--- GIVEN DATA ---

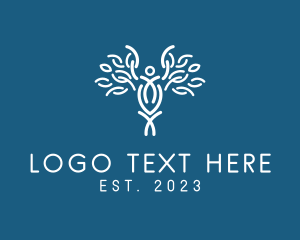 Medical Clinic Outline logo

---
--- GIVEN DATA ---

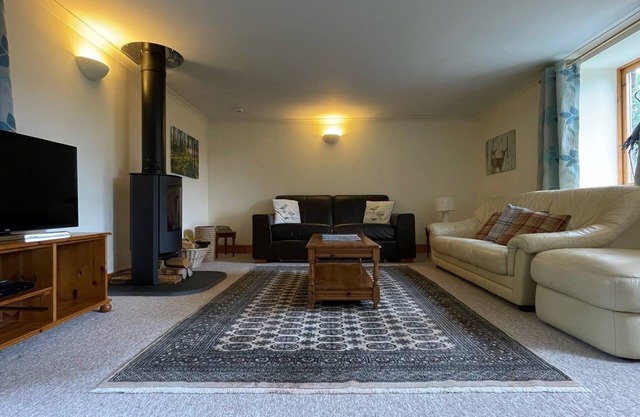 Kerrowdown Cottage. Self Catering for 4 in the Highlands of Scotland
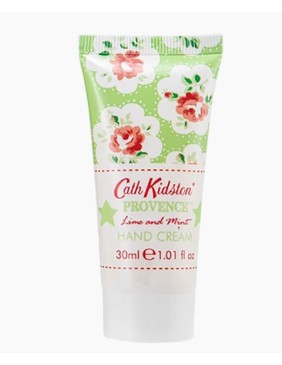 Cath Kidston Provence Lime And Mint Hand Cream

---
--- GIVEN DATA ---

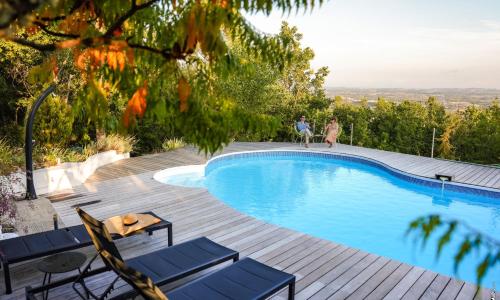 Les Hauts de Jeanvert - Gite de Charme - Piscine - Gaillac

---

"Kerrowdown Cottage. Self" marks the first line to copy, and "Cath Kidston Provence" marks the last. Repeat that stretch above exactly, with no pictures.

* **RESULT OF THIS TASK**:
 Kerrowdown Cottage. Self Catering for 4 in the Highlands of Scotland
 Cath Kidston Provence Lime And Mint Hand Cream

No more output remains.